Exercise >> Pictures are to be left out; every line from the one that holds "Marks and Spencer" to the end of the data is to be retyped exactly.

Provided data >>

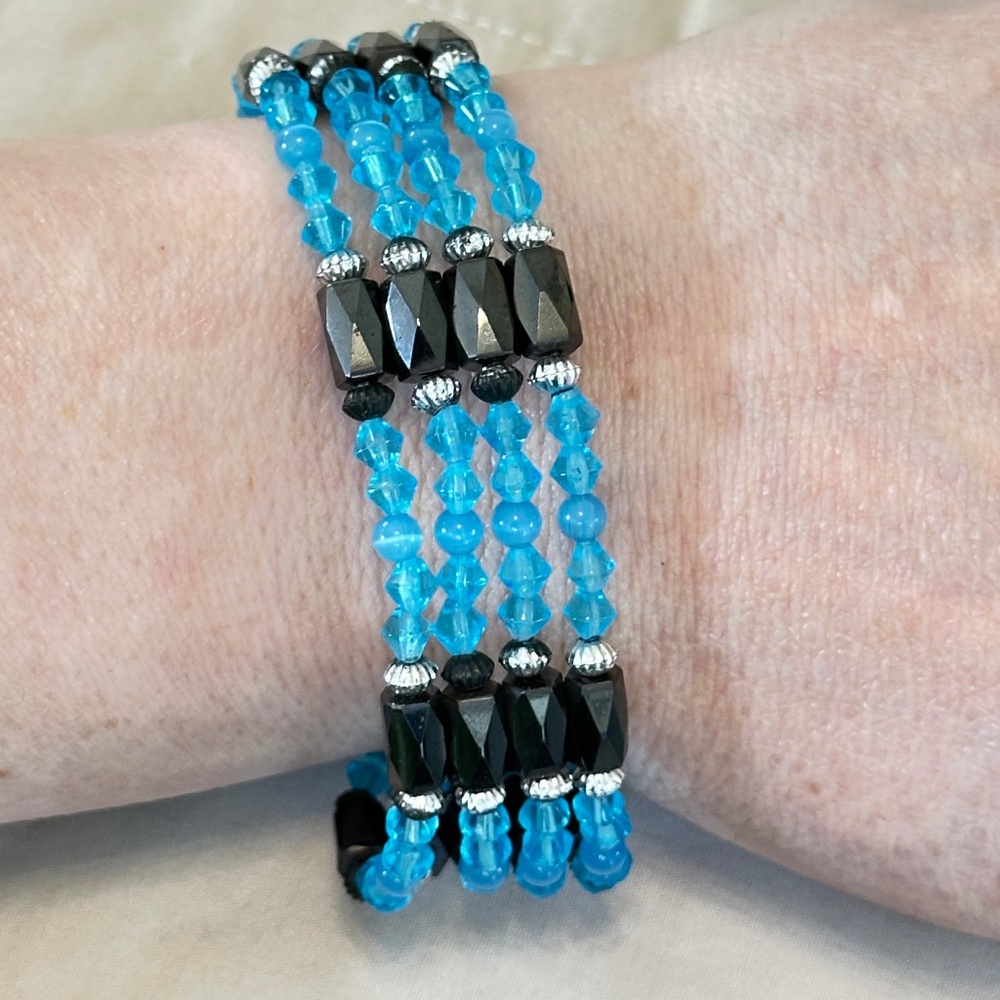 Magnetite & Blue Cats Eye multifunctional bracelet/necklace Magnetic wrap.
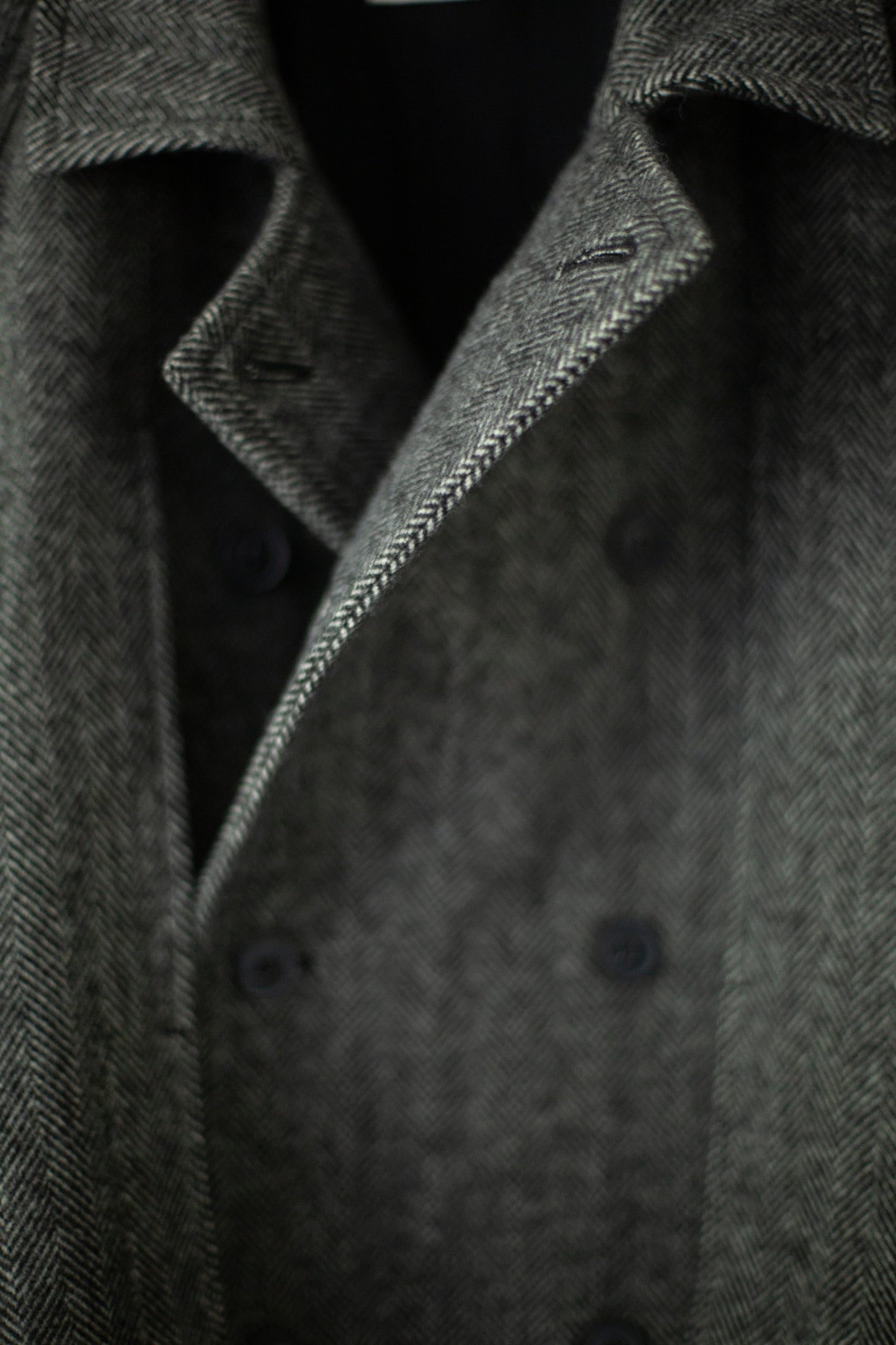 JACKET#58 - HERRINGBONE YAK WOOL BLACK & WHITE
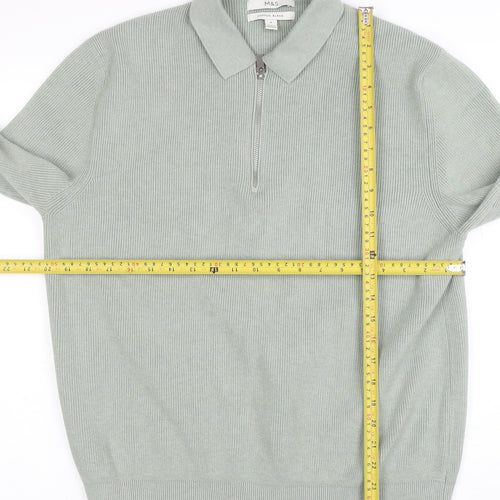 Marks and Spencer Men’s Green M Collared 1/2 Zip Cotton Blend Jumper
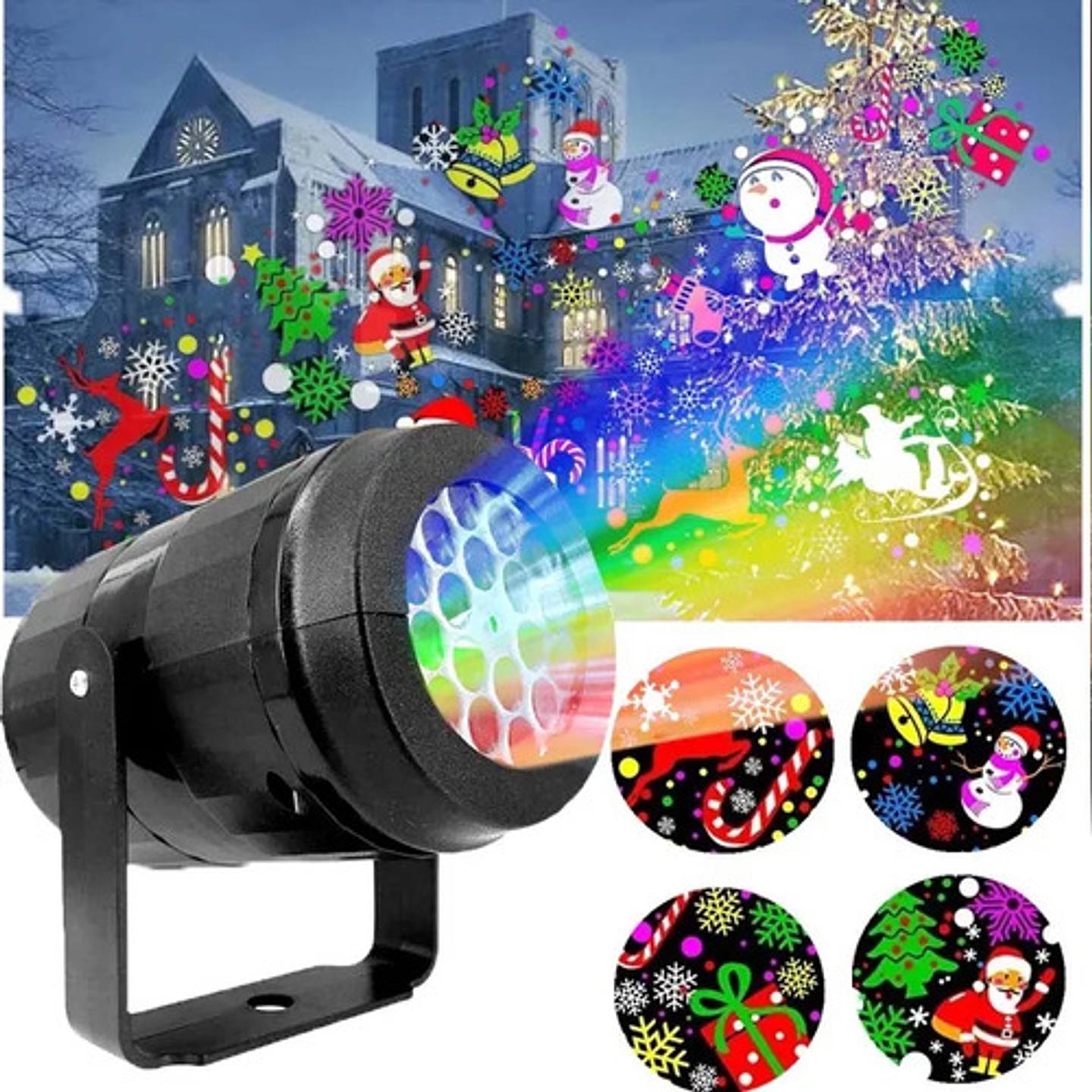 Proyector Luces Navidad Led Multicolor Animado Exterior Interior Thek Colores 2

Your response >>
 Marks and Spencer Men’s Green M Collared 1/2 Zip Cotton Blend Jumper
 Proyector Luces Navidad Led Multicolor Animado Exterior Interior Thek Colores 2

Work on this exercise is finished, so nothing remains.